Short web captions:
*** Begin section ***

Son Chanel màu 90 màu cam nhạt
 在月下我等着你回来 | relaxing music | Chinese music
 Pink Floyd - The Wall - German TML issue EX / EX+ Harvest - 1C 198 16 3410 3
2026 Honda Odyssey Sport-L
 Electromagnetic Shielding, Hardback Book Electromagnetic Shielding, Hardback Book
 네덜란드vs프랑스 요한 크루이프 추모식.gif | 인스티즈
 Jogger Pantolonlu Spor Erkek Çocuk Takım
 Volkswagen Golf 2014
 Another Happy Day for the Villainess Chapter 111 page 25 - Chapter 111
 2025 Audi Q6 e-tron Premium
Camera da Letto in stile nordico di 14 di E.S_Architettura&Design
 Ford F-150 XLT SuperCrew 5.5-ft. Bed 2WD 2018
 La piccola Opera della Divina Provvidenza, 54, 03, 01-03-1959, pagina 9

*** End section ***

> **Activity**
Restate every entry word for word.

> **Response for this exercise**
Son Chanel màu 90 màu cam nhạt
 在月下我等着你回来 | relaxing music | Chinese music
 Pink Floyd - The Wall - German TML issue EX / EX+ Harvest - 1C 198 16 3410 3
2026 Honda Odyssey Sport-L
 Electromagnetic Shielding, Hardback Book Electromagnetic Shielding, Hardback Book
 네덜란드vs프랑스 요한 크루이프 추모식.gif | 인스티즈
 Jogger Pantolonlu Spor Erkek Çocuk Takım
 Volkswagen Golf 2014
 Another Happy Day for the Villainess Chapter 111 page 25 - Chapter 111
 2025 Audi Q6 e-tron Premium
Camera da Letto in stile nordico di 14 di E.S_Architettura&Design
 Ford F-150 XLT SuperCrew 5.5-ft. Bed 2WD 2018
 La piccola Opera della Divina Provvidenza, 54, 03, 01-03-1959, pagina 9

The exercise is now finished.